Start of Data for analysis

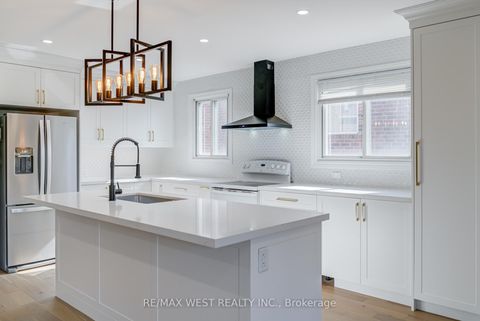 Photo 11 at 101 Tall Grass Trail, East Woodbridge, Vaughan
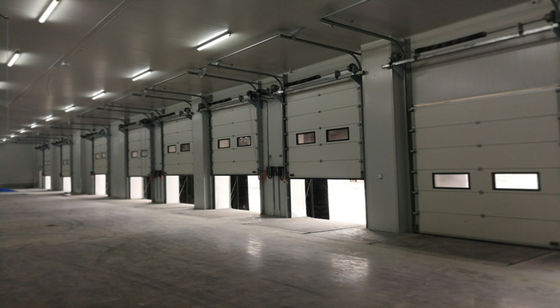 İzole Otomatik Bölümlü Garaj Kapıları 0.2m/s İş Hızı Çift Pencere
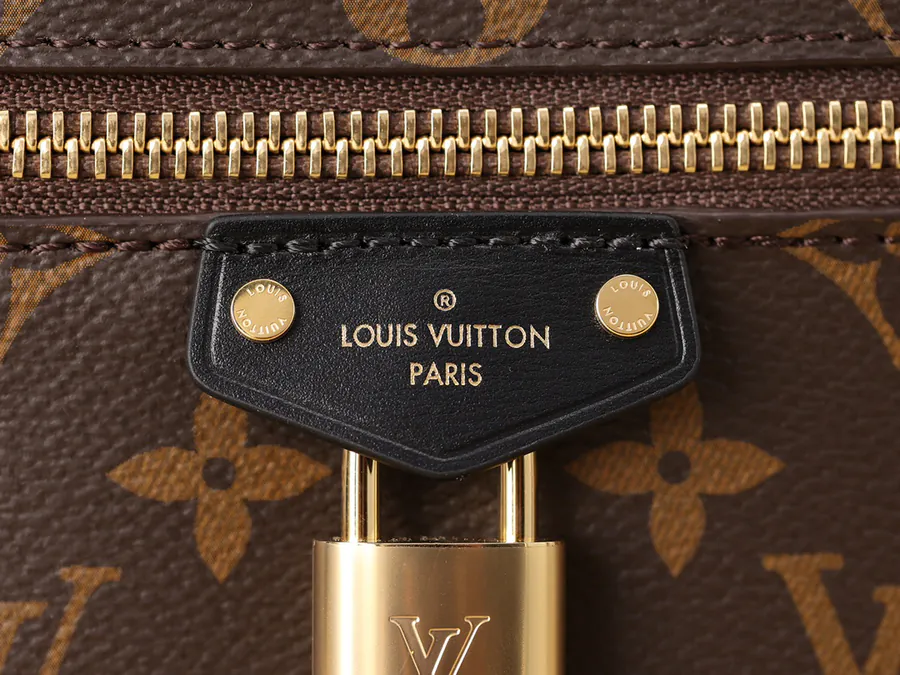 VANITY CHAIN POUCH Mini Cosmetic Bag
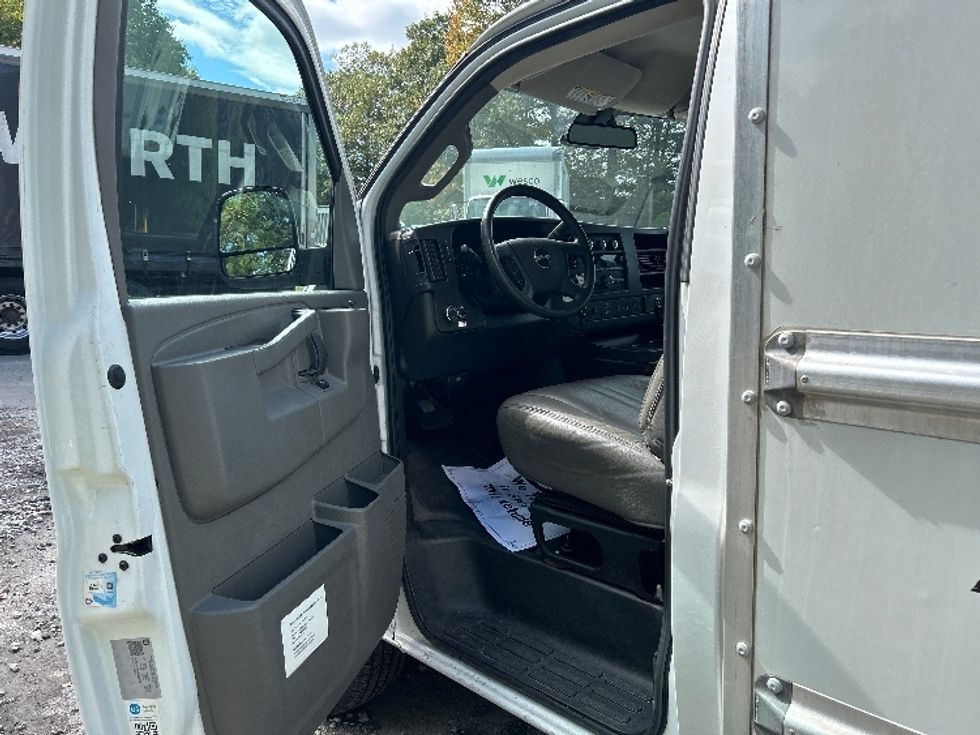 Light Duty Box Truck-Light and Medium Duty Trucks-GMC-2021-Savana G33503-Franklin-MA-114,749\n\t\tmiles-$ 25,500 - Image 15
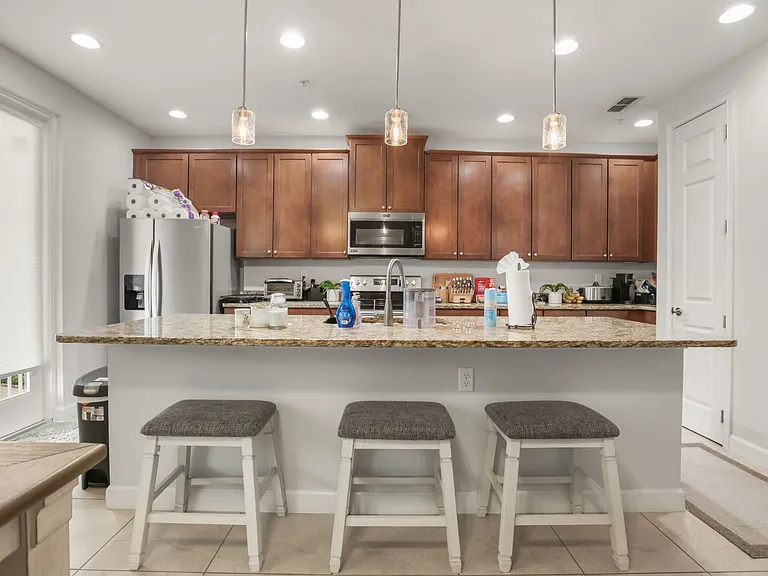 661 Hangnest Ln — Photo 10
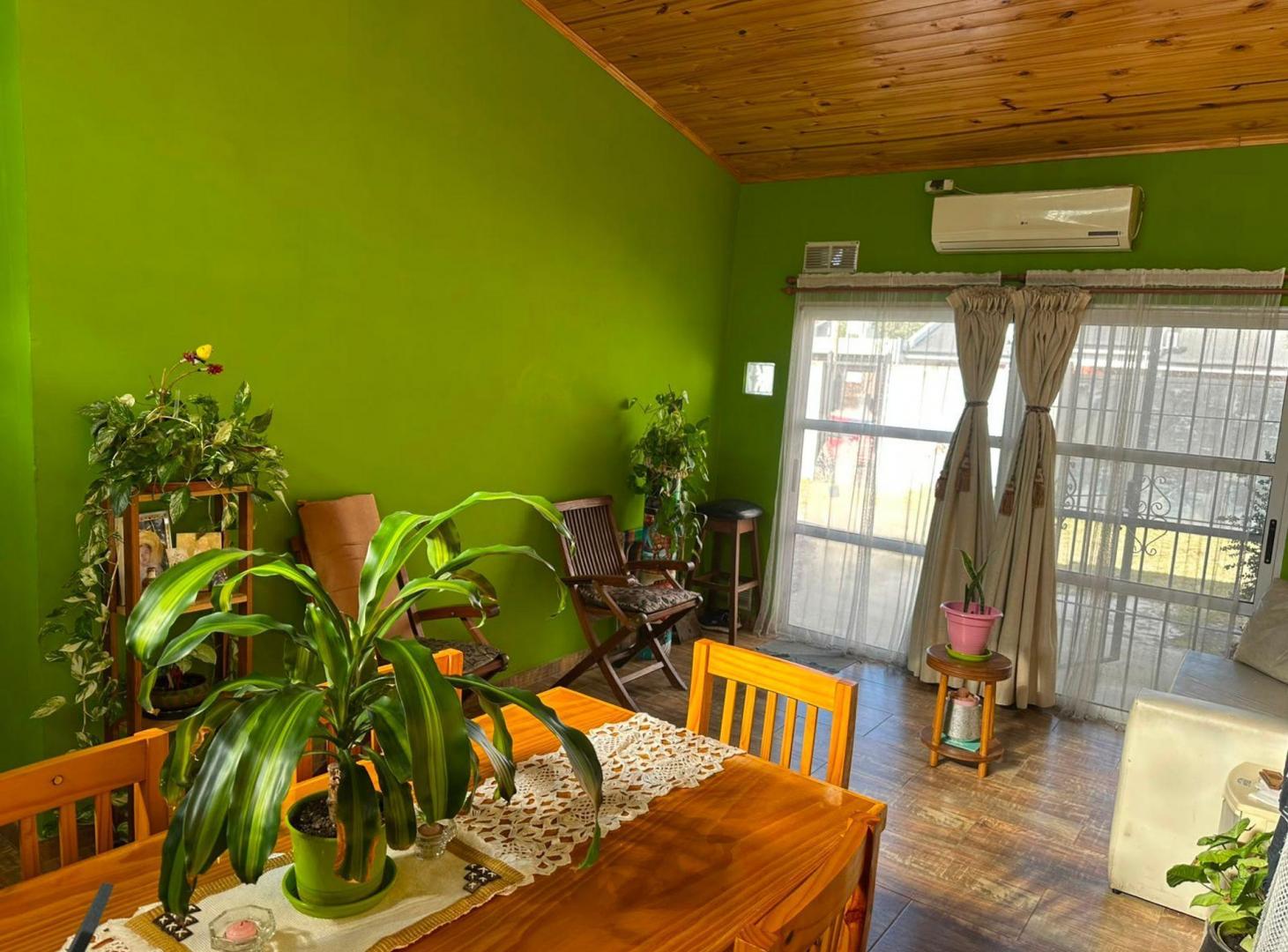 Foto de VENTA CASA 3 AMB. CON AMPLIO PARQUE - BANFIELD E., imagen 5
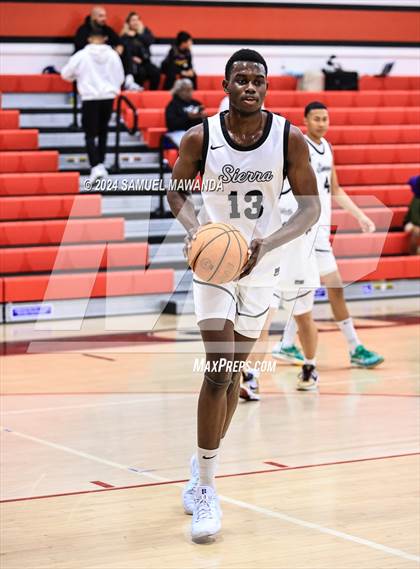 Thumbnail 2 in Sierra Canyon vs Cerritos photogallery.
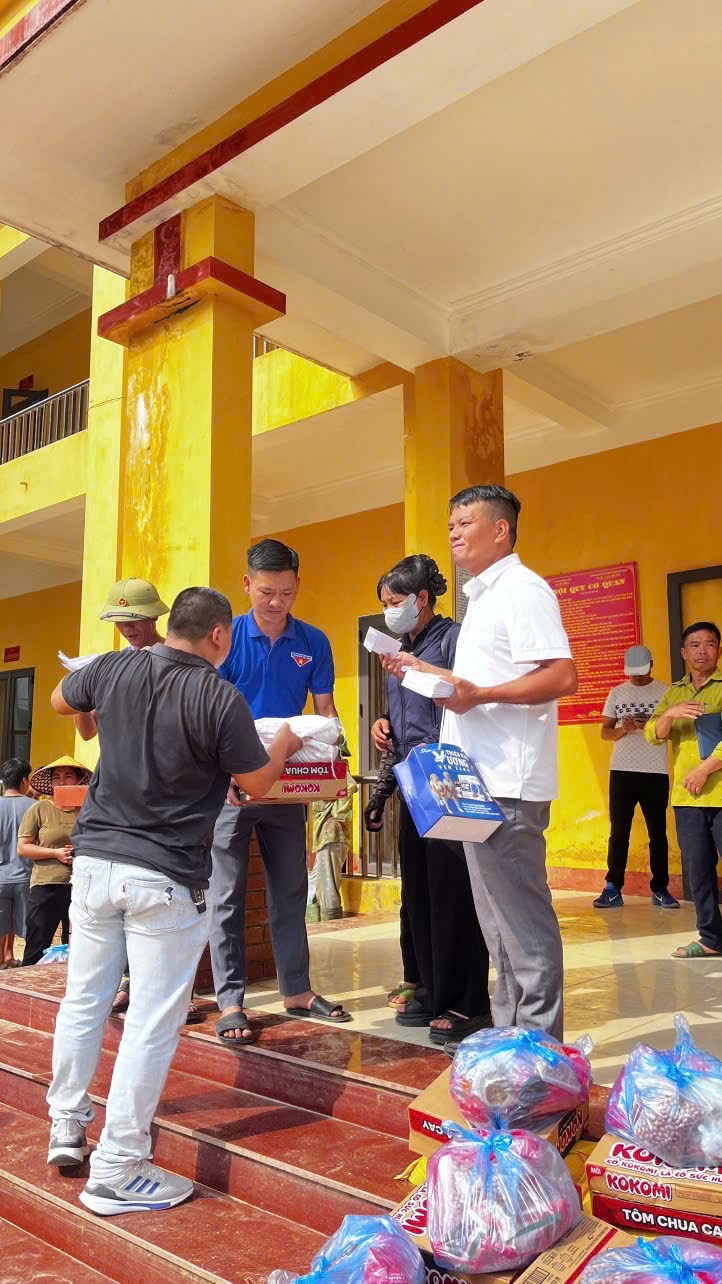 Lan tỏa tinh thần “lá lành đùm lá rách” đến vùng lũ Việt Hồng 2 7B5F124F 5AD9 4645 9903 D0763788593C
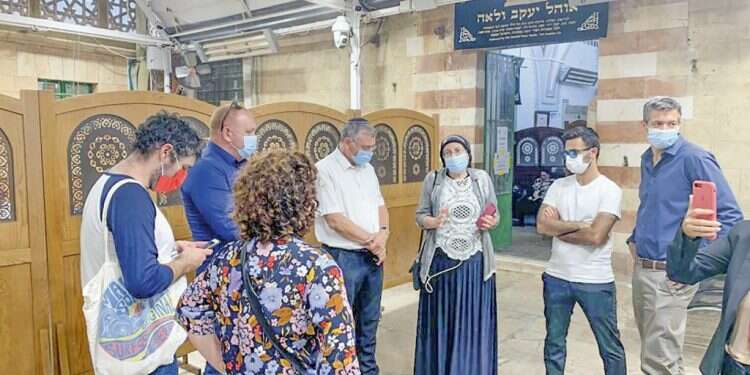 היוזמה להפיח קצת אחווה בחברה הישראלית המסוכסכת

End of Data for analysis

◆ Task goal ◆
Drop the pictures, then transcribe the lines from the one containing "Lan tỏa tinh" to the end of the data above, exactly and nothing more.

◆ Result for this task ◆
 Lan tỏa tinh thần “lá lành đùm lá rách” đến vùng lũ Việt Hồng 2 7B5F124F 5AD9 4645 9903 D0763788593C
 היוזמה להפיח קצת אחווה בחברה הישראלית המסוכסכת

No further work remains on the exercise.